Lewin unterscheidet 3 Phasen des
Change: Zunächst muss die Integrität der Personen aufgebrochen werden, damit
sie bereit sind, sich zu verändern. "Unfreezing" nennt er das. Danach
werden die neuen Konzepte etabliert, also der "Change" im engeren
Sinne. Und schliesslich werden diese Muster verfestigt, damit der Change auch nachhaltig
ist. "Refreezing" heisst das dann.
Hätten Sie vielleicht ein konkretes
Beispiel parat?
Ja, ich komme einfach auf die
Schweiz, die ich kürzlich bereist habe, zurück. Aufschlussreich ist hier vor
allem ein Dokument, das man als eine Art Leitfaden von offizieller Stelle
entnehmen kann, wie man zögerliche oder widerspenstige Kollegien im Kanton
Thurgau auf die Linie des "Lehrplan" 21 bringen will.
Als erster Schritt der Auftau-Phase
wird dabei angeraten, den Leidensdruck unter den Lehrern zu erhöhen -
"Ziele so anspruchsvoll setzen, dass sie mit bisherigem Verhalten nicht
erreicht werden können." - und "Das 'Schön-Wetter-Gerede' (zu)
unterbinden (Alles ist doch bestens …)". Dann soll ein neues Führungsteam
entwickelt und installiert werden, eine Koalition der Willigen, wenn man so will:
"Zusammenstellen einer Koalition, die den Wandel verwirklichen kann.
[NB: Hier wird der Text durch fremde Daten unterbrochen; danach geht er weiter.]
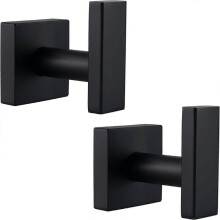 Bathroom Towel Hooks 2 Pack, Corner Simple Stainless Steel Bath Towel Rack, Hand Towel Rack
Die
richtigen Leute auswählen, die richtigen Leute für die Zukunft (nicht der
Vergangenheit)." Und in dieser
Dynamik aus Druck und Propaganda wird als Zielsetzung ausgegeben: "Lehrerinnen
und Lehrer begeistern sich für den Lehrplan 21 und setzen ihn um“, wobei als Konfliktpotential ausgewiesen wird:
"Die über 50-jährigen Lehrpersonen gewöhnen sich an nichts Neues."
Als wäre die Transformation einer Schulkultur eine Sache von Gewöhnung und
nicht des politischen Diskurses, der niemanden ausschliessen darf.
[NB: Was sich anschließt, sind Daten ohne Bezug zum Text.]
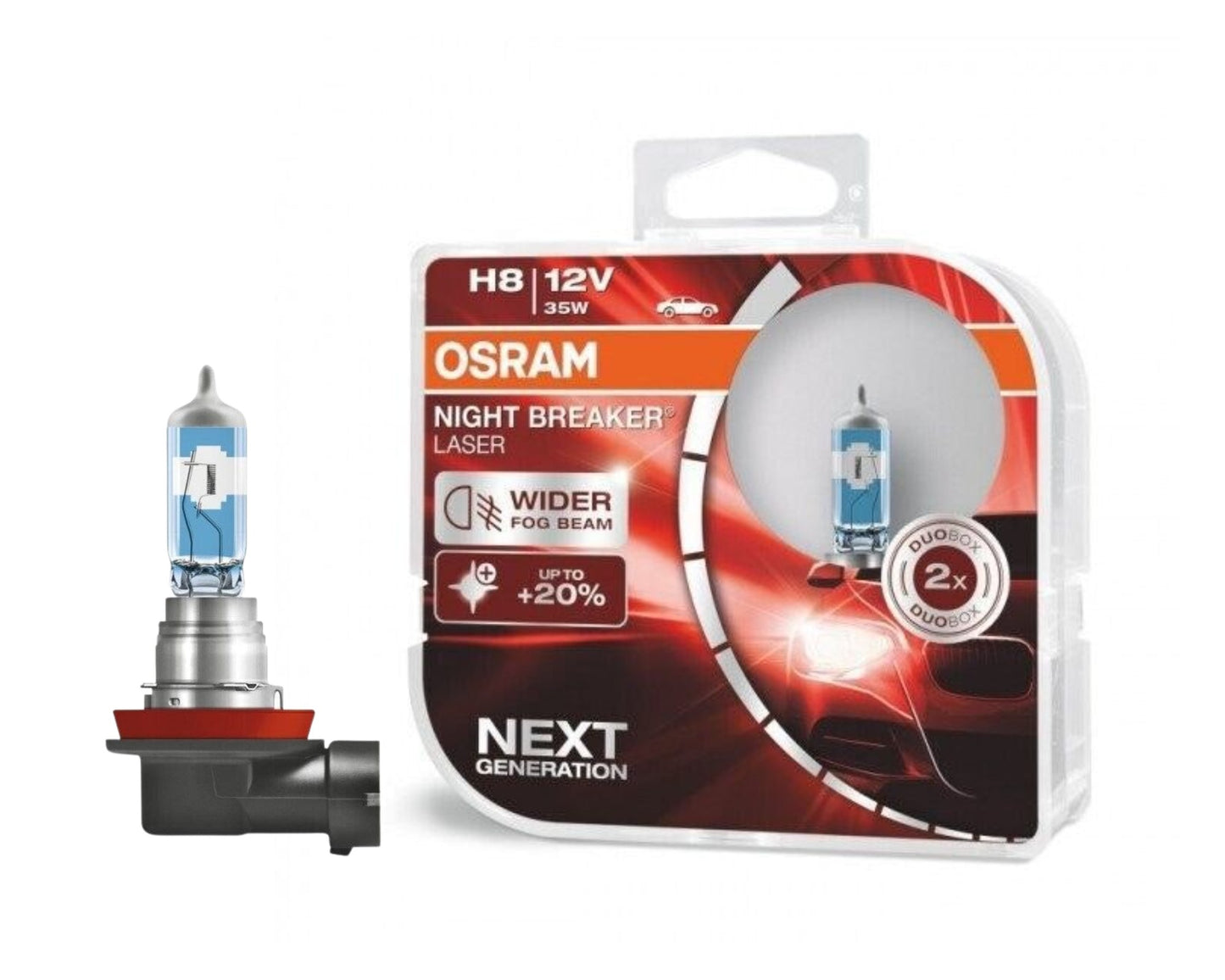 Osram H8 12V Night Breaker Laser Bulb Set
Die skizzierten Strategien der
Organisationsentwicklung durch Change Management dürften vielen Lehrern und
Hochschulkollegen bekannt vorkommen. Insbesondere bei der Durchsetzung des Bologna-Prozesses
sind auf diese Weise vielfältig Strukturen, Prozeduren und Personen verändert
worden. Und viele der Kritiker sind bis
heute kaltgestellt als Leute der Vergangenheit.
Burchardt: Mir geht es nicht darum, Ohnmachtsgefühle auszulösen. Davon profitieren
nur die selbsternannten Reformer! Sobald ich aber die Strategien und Ziele
verstehe, haben die Change-Profis aber keine uneingeschränkte Macht mehr über
mich. Wenn ich weiss, dass im Bücherregal
der Schulleitung Bücher zum
Change im Lehrerkollegium stehen, kann ich die
Angriffe auf die Schuldemokratie frühzeitig erkennen und abwehren.“ (Ende Auszug)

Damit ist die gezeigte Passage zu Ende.